Thursday, 13 November 2014

Cloud Computing ( Public vs Private cloud)




Today we had a (friendly ;-) ) conversation with my colleagues which moved to an argument about the cloud computing. We were discussing (arguing) about the types of cloud services and its pro's / con's which lead me to write this blog post.

 The Cloud Computing is now a trend and a hot discussion in every IT group.  The reason behind is that the cloud infrastructure can offer advantages over traditional datacenters in the areas of performance, scalability, and even security. There is a vast differences between private, public and hybrid clouds for enterprise. The type of cloud service is defined based on the types of data they store.  Sometimes these differences narrow, but each type of cloud has different levels of security and varying degrees of management. One may be more flexible or scalable, while another might be more affordable.  Here we’ll talk about private, public and hybrid cloud computing and some of their primary differences.

What is a public cloud?

 A public cloud provides off-site computing services or set of services that are purchased by a business or a company and infrastructure is been delivered over the Internet.The infrastructure is been hosted, maintained  and delivered by third-part providers. It is set up and maintained by a commercial provider to manage relatively simple processes and share resources. The web-based email's (outlook access anywhere) like gmail, yahoo and file storages like dropbox, one drive ,etc are the best examples for public cloud. In this case the data is been storage in a cloud and you can access them from anywhere , anytime, any device.


What is a private cloud?

 Private clouds are essentially an extension of an enterprise's traditional datacenter and are been designed for the specific needs of an organization, and hosted and maintained on a private network.  The companies who use the private cloud deal with more regulation and they take additional security measures to secure the sensitive data internally.

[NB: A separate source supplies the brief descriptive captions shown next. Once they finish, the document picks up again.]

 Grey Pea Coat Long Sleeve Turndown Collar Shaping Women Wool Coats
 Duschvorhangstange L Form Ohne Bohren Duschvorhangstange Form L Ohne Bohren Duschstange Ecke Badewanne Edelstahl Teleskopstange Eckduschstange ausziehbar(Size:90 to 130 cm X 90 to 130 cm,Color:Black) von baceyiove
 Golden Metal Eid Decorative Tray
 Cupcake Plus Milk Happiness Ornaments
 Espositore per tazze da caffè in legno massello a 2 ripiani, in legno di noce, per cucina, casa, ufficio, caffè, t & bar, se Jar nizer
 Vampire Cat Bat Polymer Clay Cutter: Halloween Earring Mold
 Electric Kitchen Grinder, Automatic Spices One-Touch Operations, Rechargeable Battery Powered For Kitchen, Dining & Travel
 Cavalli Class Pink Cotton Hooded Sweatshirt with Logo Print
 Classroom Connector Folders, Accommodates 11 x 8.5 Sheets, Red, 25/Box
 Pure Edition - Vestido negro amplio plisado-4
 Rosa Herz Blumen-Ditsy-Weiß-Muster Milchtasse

The financial and banking sectors mostly go with private cloud.


What is a hybrid Cloud?

Hybrid cloud computing is basically a combination of both public and private cloud computing. It's now becoming more popular as public cloud users grow more interested in the accessing certain benefits and adaptive capabilities of having a private cloud. It might include multiple providers and usually involves some complexity, as it is a customized solution combining two environments to allow dynamic shifting from one to the other.  For some enterprises, it is beneficial and necessary to place different data in different areas.  An example of this would be to have specific business developments in a private cloud, and to have more transparent production methods in a public cloud.

Conclusion : 

Both public and private clouds have management implications. However, by choosing a public cloud solution, an organization can offload much of the management responsibility to its cloud vendor. In a private cloud , there is significant demand on resources to specify, hosting , purchasing, updating, maintaining, and securing the physical datacenter or components. Financially, deploying a private cloud can also create a large initial capital expense, with subsequent investment required as new equipment and capacity is added.

The capital expense is virtually eliminated in the public cloud scenario . The financial burden is shifted to a fee-for-service, often based on utilization and data volume. Maintaining and securing public cloud infrastructure is the responsibility of the vendor, enabling the customer organization to streamline IT operations and minimize time and money spent on system upkeep.